■ **Task to carry out**:
Each line of the material below is to be written out exactly. Leave out any picture.

■ **Supplied data**:
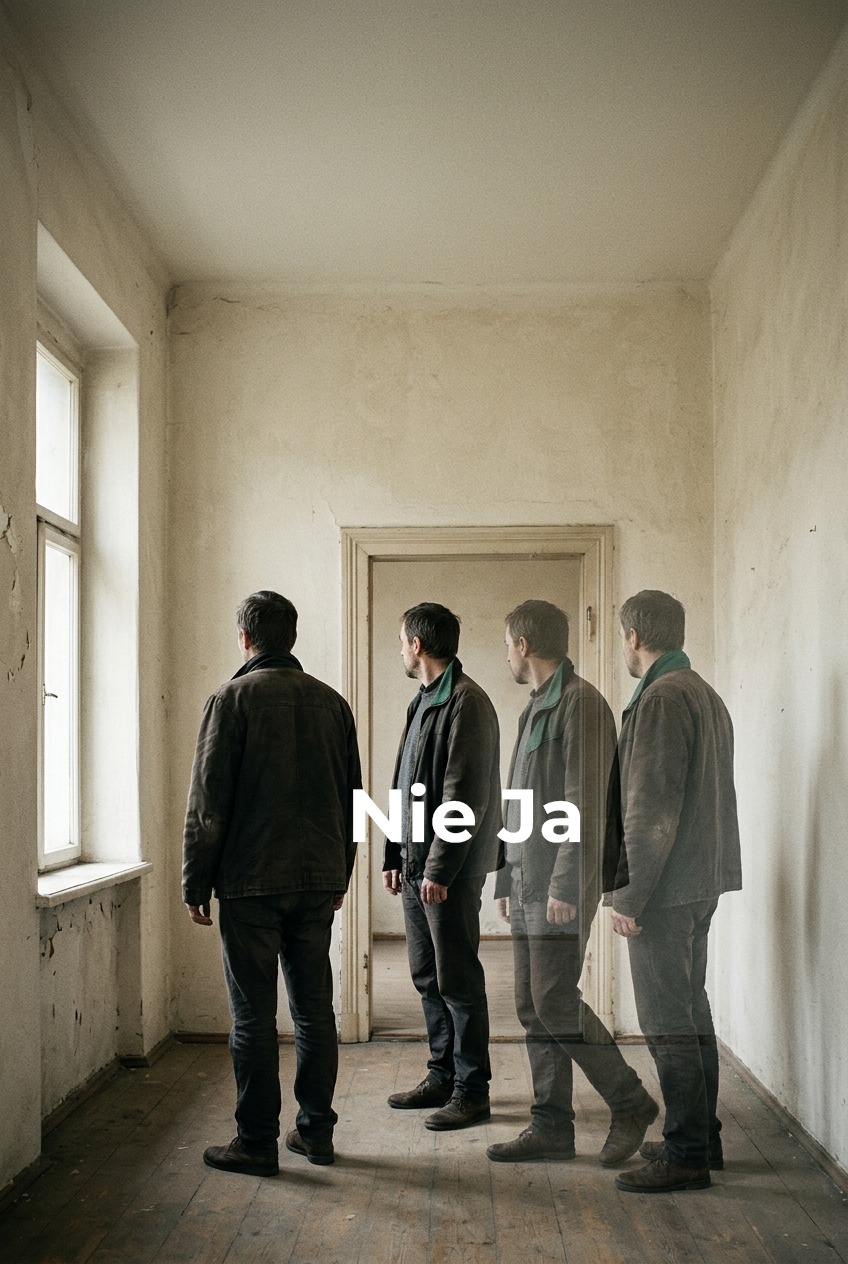 Nie ja — okładka powieści Marcina Szmidtke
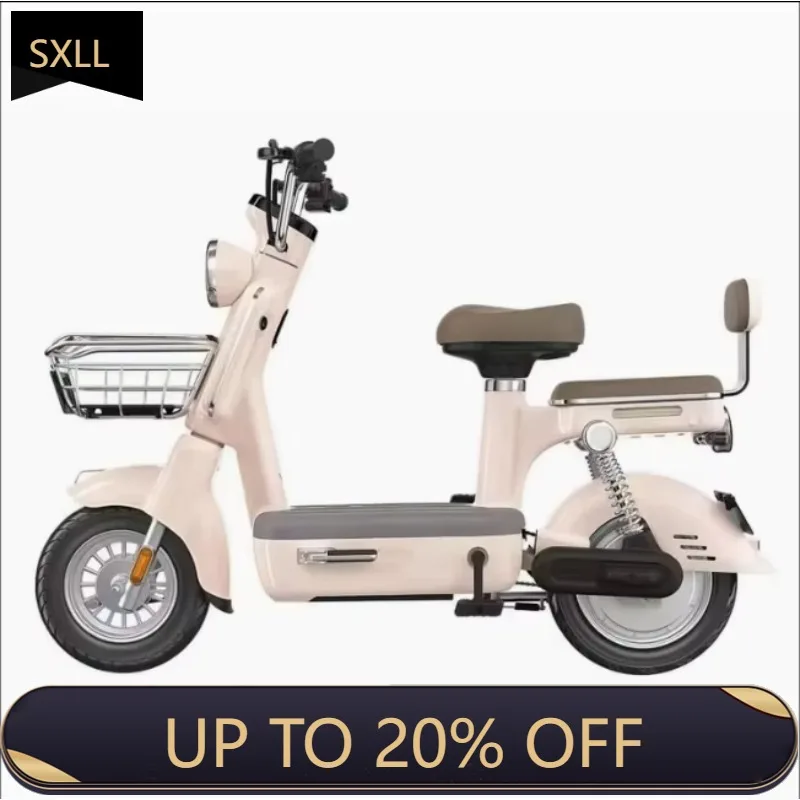 

SXLL Urban adult electric bicycle 14 250 inch 48v vacuum tire 45 km/h 350w sensor intelligent digital LCD rear wheel motor batte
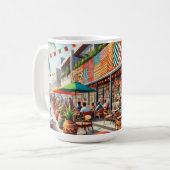 カフェインラゴスナイジェリア コーヒーマグカップ (正面左)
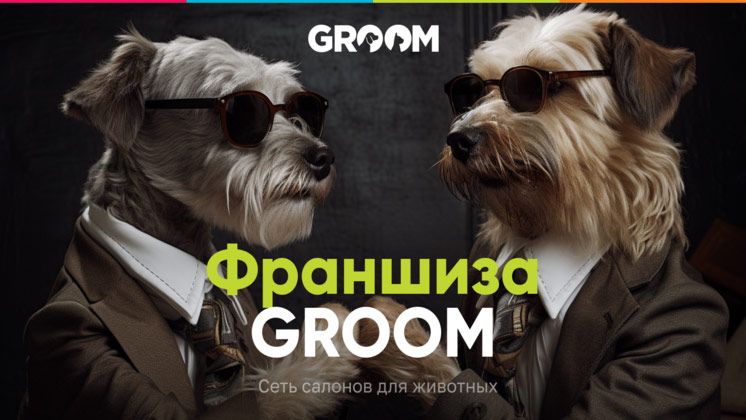 Франшиза GROOM — международная сеть груминг‑салонов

■ **Task response**:
 Nie ja — okładka powieści Marcina Szmidtke

SXLL Urban adult electric bicycle 14 250 inch 48v vacuum tire 45 km/h 350w sensor intelligent digital LCD rear wheel motor batte
 カフェインラゴスナイジェリア コーヒーマグカップ (正面左)
 Франшиза GROOM — международная сеть груминг‑салонов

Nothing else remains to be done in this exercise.